El escenario era, y seguirá siendo, tétrico ya de por sí. Una ciudad en ruinas en luto constante, Gaza, desde que la memoria comienza a confundir las ideas y donde cada vez menos queda en pie. Ese fue el escenario en el que Mohammad Abu Al Quimsan, recibiría la felicidad más grande de su vida: su esposa, Jumana, venía de dar a luz dos días antes al niño Aysal y a la niña Aser, gemelos.
Dos días y algunas horas más en que Mohammad los había ocupado exclusivamente en cuidar y abrazar a su esposa, experimentar con sus hijos en brazos y en partir, esa mañana, raudo, a inscribir los nacimientos en el registro civil. Solo aquella premura por tener en sus manos los certificados de nacimiento le salvó la vida. En ese lapso en el que recorrió, pletórico de felicidad, las pocas calles que separaban su casa, en el centro de Gaza, de la dependencia oficial, su vida se derrumbó sin atenuantes.
Le avisaron por teléfono que su casa había sido alcanzada por los bombardeos de las fuerzas armadas israelíes y los tres integrantes de su familia formaban ya parte de la lista de 23 muertos bajo las bombas a plena luz del día. Mohammad rompió en llanto, se descompuso ante las cámaras de los medios internacionales que aún permanecen en territorio palestino y se quedó con los dos certificados de sus hijos en la mano como todo armamento y futuro.
La barbarie israelí no cesa. El blanco siguen siendo los indefensos habitantes de Gaza en primera línea de fuego y no Hamás. Siguen adelante, con esta, la versión inconsciente de buena parte del pueblo hebrero con la que pareciera querer saldar a su favor los horrores imborrables del Holocausto. Mientras, la Comunidad Internacional (con epicentro en Washington), “muy bien, gracias…”.
No hay nada que justifique esos ataques. Ni el accionar — casi siempre funcional a los intereses de “Bibi” Netanyahu y la extrema derecha israelí— de Hamás, ni el interés en esos territorios por parte de Israel. Ofensivas militares como estas, sobre habitantes indefensos, solo constituyen una cantera inacabable de odio, sed de venganza e, inapelablemente, más muerte.

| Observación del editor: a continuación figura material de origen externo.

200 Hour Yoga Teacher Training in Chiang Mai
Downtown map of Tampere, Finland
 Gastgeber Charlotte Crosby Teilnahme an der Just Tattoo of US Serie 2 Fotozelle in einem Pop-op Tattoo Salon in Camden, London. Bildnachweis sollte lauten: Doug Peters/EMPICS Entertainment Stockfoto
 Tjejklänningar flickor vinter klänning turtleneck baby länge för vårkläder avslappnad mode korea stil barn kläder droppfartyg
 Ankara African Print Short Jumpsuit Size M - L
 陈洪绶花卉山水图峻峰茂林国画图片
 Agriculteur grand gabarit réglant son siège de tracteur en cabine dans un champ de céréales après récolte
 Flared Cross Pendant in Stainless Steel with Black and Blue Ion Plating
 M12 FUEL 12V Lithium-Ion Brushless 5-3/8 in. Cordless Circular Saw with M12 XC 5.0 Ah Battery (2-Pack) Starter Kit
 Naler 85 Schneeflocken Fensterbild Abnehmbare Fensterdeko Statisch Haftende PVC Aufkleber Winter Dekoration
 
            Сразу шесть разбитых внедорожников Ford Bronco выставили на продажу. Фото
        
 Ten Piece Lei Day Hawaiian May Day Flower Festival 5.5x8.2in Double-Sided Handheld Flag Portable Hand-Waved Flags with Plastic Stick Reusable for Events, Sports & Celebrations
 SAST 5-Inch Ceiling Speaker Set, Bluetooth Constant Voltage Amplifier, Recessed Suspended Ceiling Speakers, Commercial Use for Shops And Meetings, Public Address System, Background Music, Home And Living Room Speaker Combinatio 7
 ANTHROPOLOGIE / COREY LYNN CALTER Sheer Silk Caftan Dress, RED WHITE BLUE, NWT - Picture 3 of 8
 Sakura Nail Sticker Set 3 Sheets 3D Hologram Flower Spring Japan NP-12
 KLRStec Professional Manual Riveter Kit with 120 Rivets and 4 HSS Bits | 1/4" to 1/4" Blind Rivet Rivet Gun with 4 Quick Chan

Basta ponerse en la piel de Mohammad, tan solo por un instante. Verlo posar ante las cámaras con los dos certificados de sus hijos muertos y recordando a su esposa, farmacéutica de profesión, con su rostro cubierto en lágrimas y su corazón hecho añicos como los restos del edificio que se observan de fondo, para llegar a leer en esa imagen su futuro.
No se necesita ser adivino ni tarotista en Instagram para saber qué destino le espera. O al menos lo que uno, que siempre bregó por la paz a como de lugar, haría si pudiese mimetizarse en Mohammad por un solo instante y sentir en la piel cómo de un bombazo lanzado con el goce belicista de los atacantes en medio de una lúgubre orgía de muerte, le arrebatarán lo más amado, hasta dejarlo sin nada.
Tal vez, un solo camino es el que parece haberle quedado a Mohammad. Un campo clandestino de entrenamiento militar en Siria o en Irán es el ingreso irreductible a una estructura armada donde canalizar su dolor y buscar la forma de encausar su ira por el sendero interminable de la violencia.